The next time someone challenges the importance of NIH-funded research in drug development, you might want to point them to a new study that highlights the foundational role the Institutes plays in biopharma research.
The study — published in the Proceedings of the National Academy of Sciences — concludes that every one of the 210 new molecular entities approved by the FDA between 2010 and 2016 can source research back to NIH-funded work. That is especially important in figuring the public context of first-in-class work, where basic research played a significant role in the scientific understanding of the targets involved.
From the study by a team of researchers at Bentley University:
These data demonstrate that a sizable public-sector investment occurs before the approval of first-in-class NMEs, particularly those discovered using targeted discovery methods (including recombinant biologicals). The scale of this investment can be estimated from the costs associated with first-in-class NMEs approved in 2010–2016 and their molecular targets. These data suggest that the public-sector investment in research underlying each first-in-class drug is as high as $839 million, with 89% of this cost associated with target research and 11% of the cost associated with the first-in-class compound or follow-on compounds approved from 2010–2016….
Overall, this analysis suggests that as much as 20% of the NIH budget allocation from 2000–2016 (more than $100 billion) was associated with published research that directly or indirectly contributed to NMEs approved from 2010–2016.

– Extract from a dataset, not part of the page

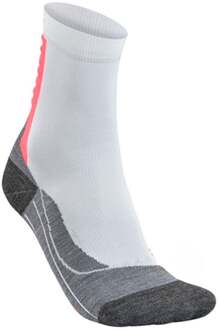 FALKE Achilles Compressiesok Dames 16763 - Wit 2028 white-neon red Dames - 35-36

The authors in particular wanted to expand the scope of their research to make sure they were accounting for NIH-funded studies that were essential to a drug target, which doesn’t always factor into the patents used to protect the commercial value of each drug — a standard that had been used in earlier attempts to highlight the role of the NIH in drug development.
No one at the NIH is likely to get any kickback from biopharma on this score. NIH funding has been under the gun under President Donald Trump, who’s been ready to sacrifice research spending in favor of other priorities. But the NIH budget has been saved by a bipartisan phalanx of elected officials in Congress who have rallied against the cuts. They’ll be back on the frontline of this debate now that Trump has submitted a new budget this week that calls on lawmakers to flatline spending at the Institutes.
Those defenders just got some fresh ammunition for the fights to come.